Saturday, 19 February 2022

Saving Boris and the Tories


Lord Frost has said that devolution needs to be rolled back to “save Boris, the Conservative Party and the country”. Leaving aside the not insignificant question as to whether saving Boris and the Conservative Party are objectives which either Wales or Scotland are so keen to achieve that they’re willing to have powers taken away from them to bring it about (although their wishes don’t matter anyway – he seems to have absolutely no intention of asking them), there is surely room for at least a little bit of doubt as to whether such actions would achieve those objectives anyway. And as for ‘saving the country’, if by that he means preserving the union, then I can’t think of anything less likely to achieve that objective than arbitrarily and unilaterally taking powers away from the Scottish Parliament and the Senedd. And his suggestion of “re-establishing our sovereignty in Northern Ireland”, with its inevitable consequence of a land border between the Republic and the North, doesn’t immediately strike me as a recipe for peace and stability either.

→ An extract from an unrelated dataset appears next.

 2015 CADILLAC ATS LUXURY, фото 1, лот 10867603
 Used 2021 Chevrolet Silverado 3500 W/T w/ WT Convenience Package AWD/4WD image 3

It all says a lot about his mindset, though. He claims that having different policies in the four parts of the UK is a nonsense, yet this is a man who also believes that 28 European countries agreeing a common set of policies is also a nonsense. It’s hard to avoid the conclusion that this is English exceptionalism at its best (or worst, depending on perspective). Only England can make rules; others must merely obey. Still, I imagine that there are more than a few SNP politicians delighted that the extremists of the Tory Party are showing their colours so openly. It’s an ill wind, as the saying goes.


Jonathan said...

Lets examine why "SNP politicians" might be "delighted". This rests on 2 propositions. 1. That Westminster is doing something bad. I agree, it is and does. Proposition 2 is that the Scots will do something about it. I wonder. Believing that outraged people will act is a very attractive notion. But is it true? Consider. The Western World had a nervous breakdown in early 2020, after which things became "strange" and "exceptional" with few using the word "dangerous" or similar. I am not the only one to believe that, at this point, we lost something. The thing being the ability to act if we are outraged. Many many people, not me, threw away the ability to act. The US Democrats supported by Silicon Valley and MSM, knowing that they had two years to enact their agenda (US Midterms, see) went for it and many followed. We have now reached the point where Canadians, epitomes of civilised, now see scenes like this on Youtube. And defend what they see. Borthlas, you can't seriously think, do you that the Welsh (a) will feel outraged and (b) do something about it?

John Dixon said...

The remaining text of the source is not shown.